-- Work item --
Before you reproduce the entries that follow, strip out any image they contain and keep the rest exact.

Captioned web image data
☆ ☆ ☆ ☆ ☆ ☆ ☆
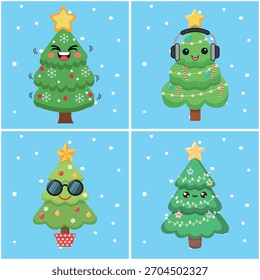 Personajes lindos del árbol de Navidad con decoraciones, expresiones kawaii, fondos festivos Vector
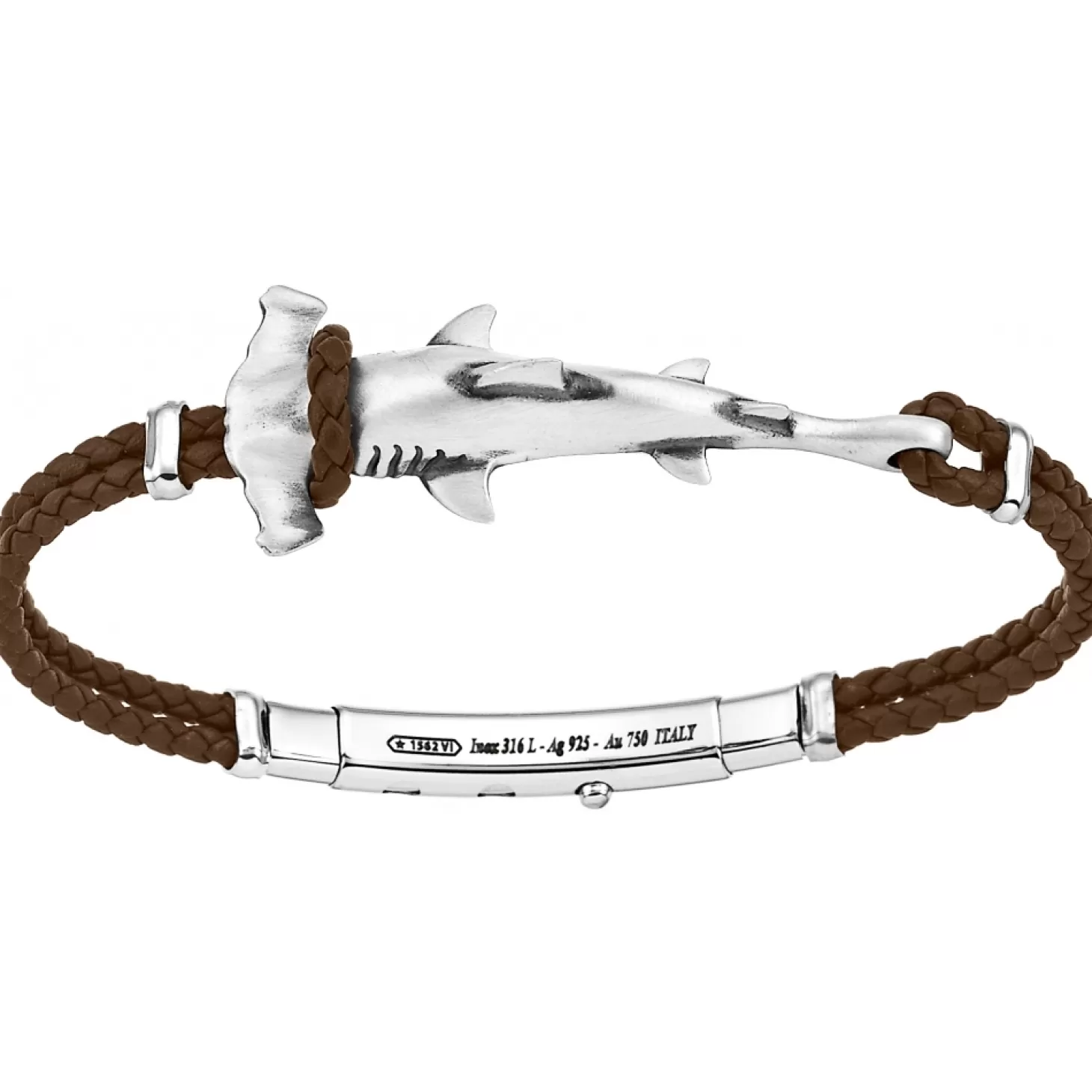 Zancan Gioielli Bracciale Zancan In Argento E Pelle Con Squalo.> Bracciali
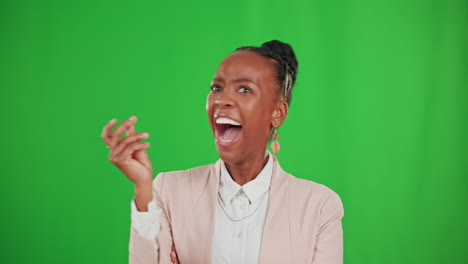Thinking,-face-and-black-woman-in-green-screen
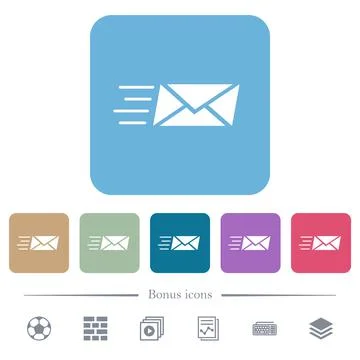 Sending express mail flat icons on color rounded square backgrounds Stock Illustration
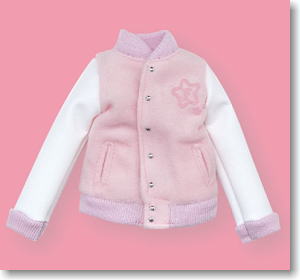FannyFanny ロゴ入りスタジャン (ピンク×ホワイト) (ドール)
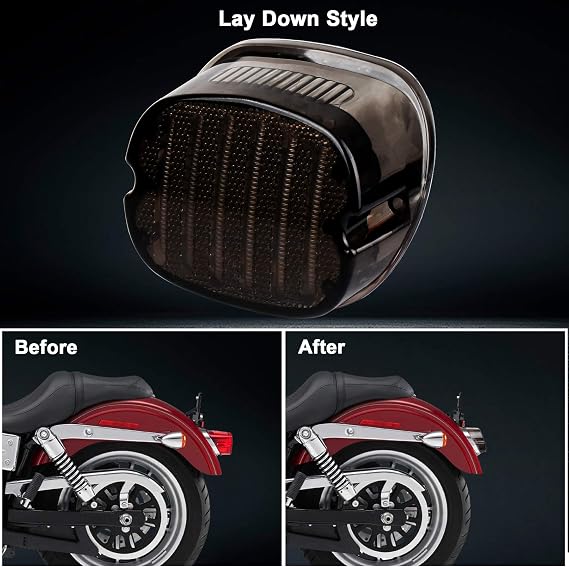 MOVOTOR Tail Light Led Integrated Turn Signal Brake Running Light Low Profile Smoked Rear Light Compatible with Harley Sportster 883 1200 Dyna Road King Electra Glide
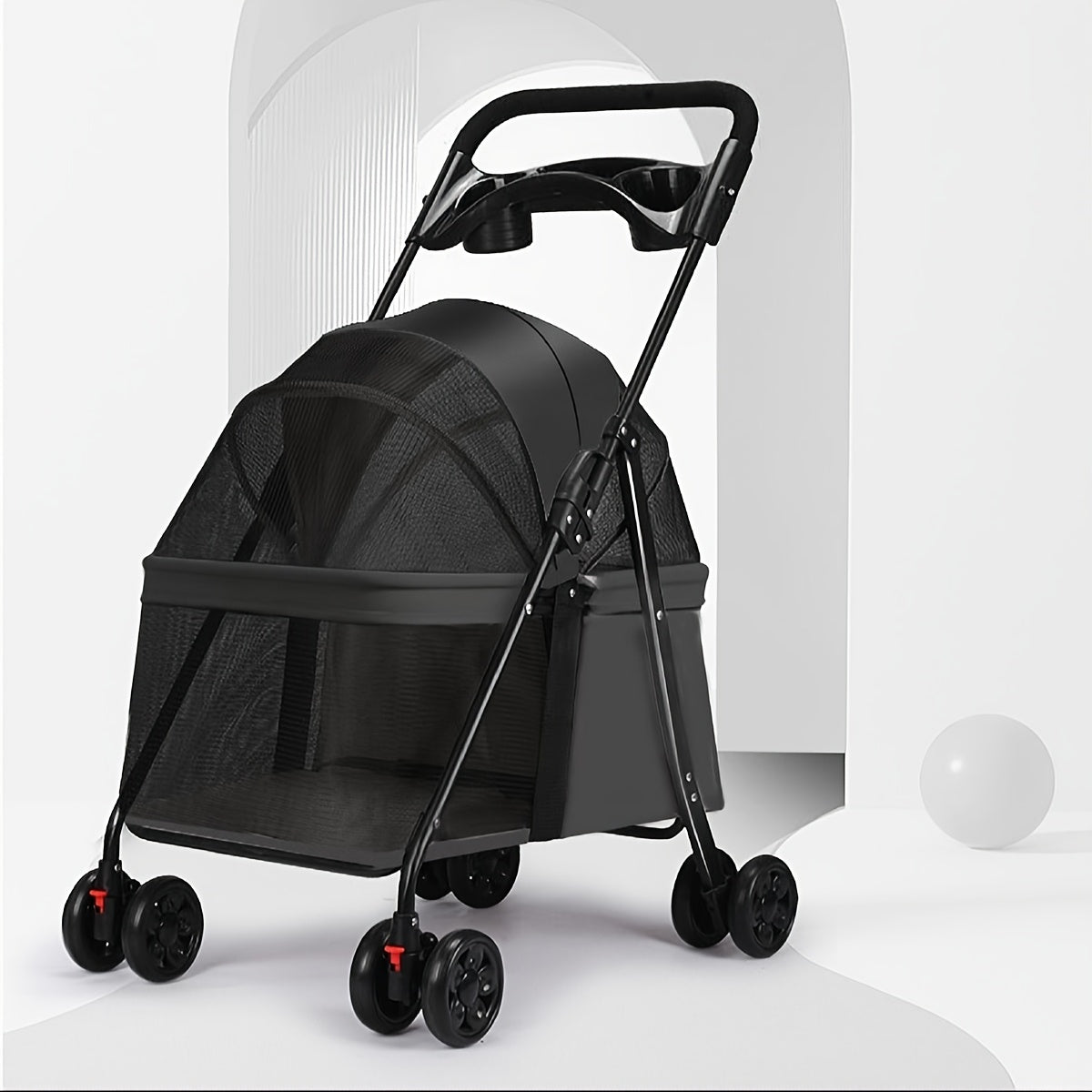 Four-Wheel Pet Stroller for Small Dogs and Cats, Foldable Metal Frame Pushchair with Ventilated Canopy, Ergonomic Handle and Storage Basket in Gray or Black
☆ ☆ ☆ ☆ ☆ ☆ ☆
-- Task answer --
 Personajes lindos del árbol de Navidad con decoraciones, expresiones kawaii, fondos festivos Vector
 Zancan Gioielli Bracciale Zancan In Argento E Pelle Con Squalo.> Bracciali
Thinking,-face-and-black-woman-in-green-screen
 Sending express mail flat icons on color rounded square backgrounds Stock Illustration
FannyFanny ロゴ入りスタジャン (ピンク×ホワイト) (ドール)
 MOVOTOR Tail Light Led Integrated Turn Signal Brake Running Light Low Profile Smoked Rear Light Compatible with Harley Sportster 883 1200 Dyna Road King Electra Glide
 Four-Wheel Pet Stroller for Small Dogs and Cats, Foldable Metal Frame Pushchair with Ventilated Canopy, Ergonomic Handle and Storage Basket in Gray or Black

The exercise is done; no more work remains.